This Friday, March 16, The Jazz Gallery welcomes guitarist Miles Okazaki and his Trickster project back to our stage for two sets. The project began as a book of tunes premiered and honed at the Gallery in 2016, and came out on record last year to much acclaim, appearing on several “Best of” lists. Before Trickster’s return to the Gallery this week, we caught up with Okazaki to talk about how the music has continued to develop over time, and the notion of ideas versus information in a piece of art.
TJG: You first presented this music a little over two years ago. Has anything about it changed in that time?
Miles Okazaki: Well, everything changes, because people change, and they forget some things. And I forget things, or I change them, and things become less interesting. But that’s part of what this record was about. Not worrying about what you forget. I didn’t use any sheet music, for example. I’ll just play whatever I remember from what I wrote. And that’s what I’ll do this week, I guess [laughs]. I’ll just do whatever I can remember. I’m trying to remember but I’m not going to go look at the sheet music. Cause this particular set of music is an embodied type of feeling. I want it to be like that, like stories—I remember this story from my childhood, or from my relatives. Something about that has a meaning to me that’s internal.
I deal a lot with sheet music, and a lot of quite structured and determined things, and I’ve done a lot of things like that. My previous records are quite meticulous, and so I’m trying to let go of some of that, you might say. These are just little spaces, so you can just remember what that space feels like and go back into it.
TJG: You make a lot of allusions to mathematical forms—like in The Calender, with the inclusion of ratios of celestial movements—but on the top, the music has this very buoyant and tuneful quality. When you write, do these two things happen at the same time? Do you lead with a snippet of melodic content, or do you first sit down with a concept and develop some kind of systematic way of thinking?
MO: That tune was actually written on an airplane… all it is is just some notes moving, and some rhythms, and then a shape that it goes through. So yeah, you can say mathematical, but I never use that word to describe music. There’s no mathematical operations happening.
I mean, if you’re saying concerned with numbers, and you say that’s mathematical—well, you can say that’s numerical, but I’m not saying, “this multiplied by this, the square root of something.” I’m not doing any of those type of operations.
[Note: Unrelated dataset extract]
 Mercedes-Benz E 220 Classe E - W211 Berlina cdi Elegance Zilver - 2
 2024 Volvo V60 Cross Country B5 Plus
Anything that you want to want talk about with pitches and discrete numbers of things, you can say is mathematical, you can enumerate them. And a calendar, and all these things things that we use—it’s a natural thing for humans to try to make order out of things. And for them to make order out of things, they make things like calendars. Something is repeating, there’s a cycle. It’s something that we a call a year. How long is it? We want to know how many days, why isn’t it this many days, how can we organize it in some kind of a way?
So, yeah, those are structures. But they’re largely metaphors for how we think and put order into things that are disorderly. Like pitches and rhythms—they’re organized. People are always looking for a dialectic, or a binary type of things. There’s something that’s soulful, and something that’s mathematical, and these things are sort of opposed somehow—and I think that’s all bullshit.
That being said, yeah, there are some structures involved and there are some hidden things, but I prefer to let them remain hidden. It’s more about how it feels. I do, personally, get very interested in music theory and stuff like that, but nobody in this particular band cares about what theory is behind it, at all. They just wanna play, so I have to make things playable and easy to memorize.